Task instructions => Reproduce word for word the line holding "Постанови Синоду Єпископів" and all lines after it in the data, through the end, leaving out pictures.

Stored data =>
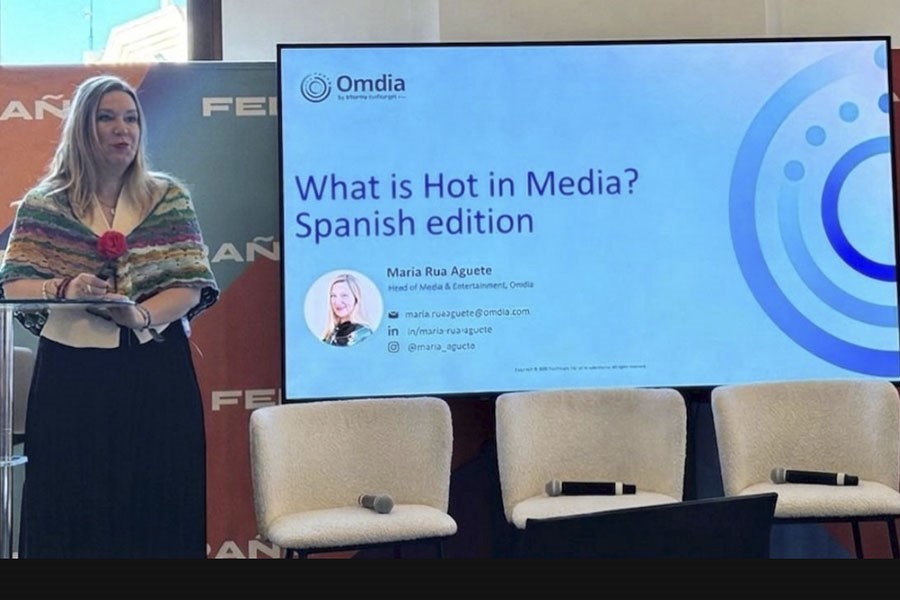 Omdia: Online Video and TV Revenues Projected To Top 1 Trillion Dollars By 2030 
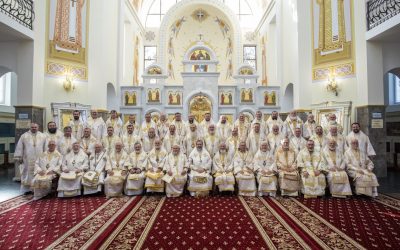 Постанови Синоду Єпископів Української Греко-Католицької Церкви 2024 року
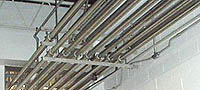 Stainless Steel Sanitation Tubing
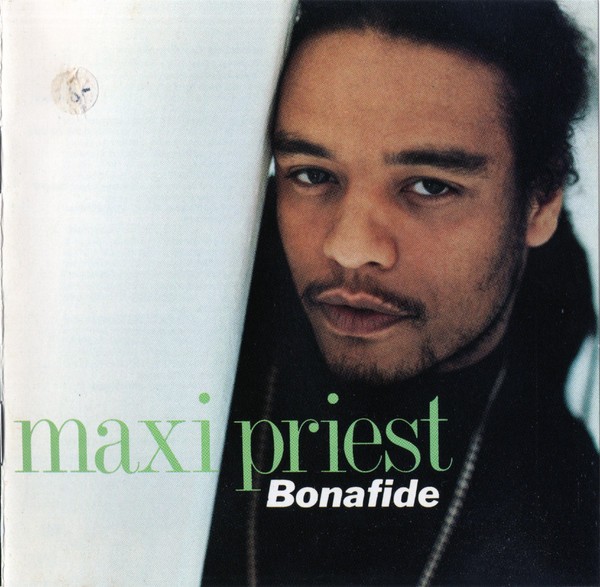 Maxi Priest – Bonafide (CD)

Solution for this exercise =>
 Постанови Синоду Єпископів Української Греко-Католицької Церкви 2024 року
 Stainless Steel Sanitation Tubing
 Maxi Priest – Bonafide (CD)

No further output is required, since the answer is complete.